Incêndio, chuva e água na sarjeta




   Sr Fulano de tal...

   Fogo. Incêndio em mim, chamas, mas não ouço... Fogo, fumo que se dilui no que somos, fumo que me escorrega dedos acima e me vai dar ás labaredas que se soltam de mim. Chamas, chamo, brasa, carvão...ardo, incêndio, fogo posto. Eco, explosão, palavras de fogo, palavras flecha, cirúrgicas missivas, queima, não penso, executo, palavras, ocorrerem-me as palavras que me rasgam a pele e brotam, negras e frias como rio de gelo que nasce de algo que se acabara de formar. Incêndio, control, descalço no rescaldo, queima-me o chão que piso, perdi os trilhos desta floresta, chamas...não sinto. 
   Cinza, negra densidão, recantos queimados em terra pisada e rasgada e espalhada. Fumo, falta visão, espreito, não vejo o amanhã, nem o 5 minutos adiante, estico braços, árvores...onde estão as árvores? agarro-me a cinzas de outros incêndios. Chamo, fumego...incêndio, arde, queima, rasga, flechas, estupidez, burrice, combustao: eu. Frio, negro, vazio, escombro.
   Chuva...tempo, Vento, água...acalma-me o nucleo. Lava, escorre lava no meu corpo, sem rios, sem veias sem nada...apenas um varrer de fogo, uma exéquia fria vergada ao poder da água da chuva. Tempo, dias , palavras criança, abraço, rebelde, com medo...chuva. Vejo-me na chuva...vejo pedaços arrastados, lanco-lhes a mão mas eles, fraquinhos, não me agarram, não ficam no hoje. Não os consegui agarrar...eram pedaços queimados do passado e eu tento salva-los mas eles não tem força. Revejo-me na chuva, fio de água que levemente leva tudo, vejo-me ir tambem, consigo agarrar alguns pedaços de mim desse resgato de água de lavagem, água de passagem... Remorso, tremor arrependido, muralhas ao alto, fecho, silêncio, pólvora e palhetes, fecha, deixa ficar, junta lenha, acrescente papel, pólvora...junte água fria. Fogo nulo. Frio, água, chuva...valeta.

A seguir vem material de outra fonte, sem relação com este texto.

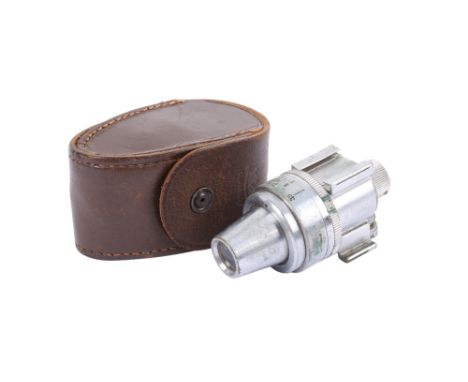 A Leitz VIDUM shoe-mount variable viewfinder. Chrome. Cover 3.5cm - 13.5cm. Together with makers case.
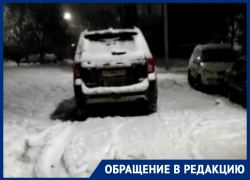 «Это нормально?»: волгодончанку возмутил припаркованный на тротуаре внедорожник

    Corro, sobressalto em mim,  acordo. Acordo sem ver se tenho os olhos abertos.  Os dedos não fumegam, os pés não ardem, o chão ambulante que piso é o mesmo. Senti...sem ti c.huva, não estou molhado...água, golo de água. Luz, uma pequena luz para que veja e confirme que estão ali os pedaços inconsumíveis de passado a migrar. Luz ténue...sinto os meus olhos abertos e adormeço-os. Deixo-me render á cama, pensar que somos incêndio, sou incêndio e masmorra, abençoado com a calma de um trovão e tempestade a cada explosão. E se fosse assim? lá  E imagino um pequeno fio de água que passa, lento e sereno, ausente do hoje. Vejo pedaços de passados seguir nesse curso de água de cinza lavada, cantos de paginas felizes que deslizam calmamente rumo á sarjeta. Não lhes estico o braço nem a mão, não há em mim um Duque da Ribeira que se atire a essas águas em curso final...elas não pedem perdão, vão calmas e resignam-se de ir para um mar tão sossegado onde desaguam as águas calmas que sou depois das fases de revolta. É lenta a marcha do meu corpo a acompanhar esse pequeno rêgo de água que escorre vagabundo para a sarjeta. Não os ignoro...vejo-os ir de vez mas é um funeral peculiar, o corpo presente sou eu. Acompanho até que os meus olhos parem sobre a grade da sarjeta, o crivo final, portas de um inferno escuro. Vejo-as cair uma a uma, em paz e felizes por as ver ir. E Aguardo...fica sempre algo maior preso na grade, algo maior que resiste á passagem de coisas mais pequenas em enxurrada mais impaciente, algo que se recusa a largar-me a ponta do casaco do dia de agora. 
   Parou...a água parou. o fogo que me ardia extinguiu-se. A chuva que condensava apagou-me, lavou-me, levou tudo...menos a coisa da águia da sarjeta. Luz...não derreteu. Incêndio, chuva, água de sarjeta...tudo suportou. Coisa, relíquia que se guarda em cofre migratório que recolho do mar que sou...em chamas.